Work order
The response should consist of every line below, restated exactly, with no pictures.
====== Source data ======
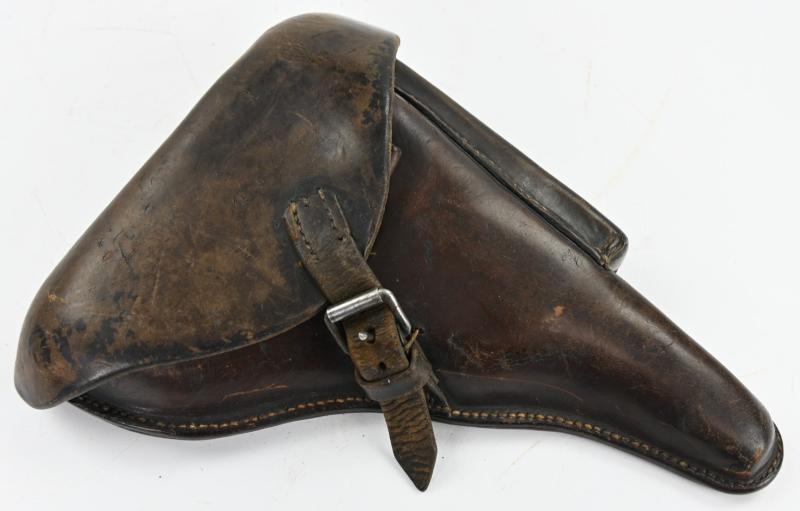 German WW1 P08 Hardshell Pistol Holster 10./I.R. 21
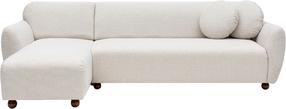Kampinė sofa Hanah Home Eddy 560ARE1198, balta sp., kairinė, 273 x 93 cm x 86 cm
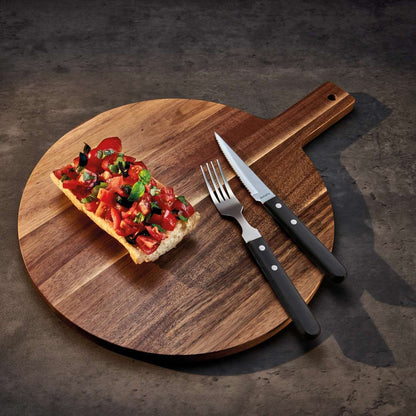 PIZZA steak knife set 6-piece black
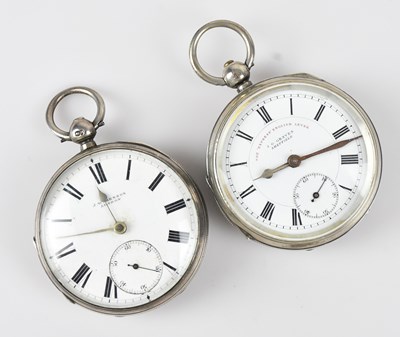 Lot 1061 - A hallmarked silver key wind open faced pocket...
======
Exercise solution
 German WW1 P08 Hardshell Pistol Holster 10./I.R. 21
Kampinė sofa Hanah Home Eddy 560ARE1198, balta sp., kairinė, 273 x 93 cm x 86 cm
 PIZZA steak knife set 6-piece black
 Lot 1061 - A hallmarked silver key wind open faced pocket...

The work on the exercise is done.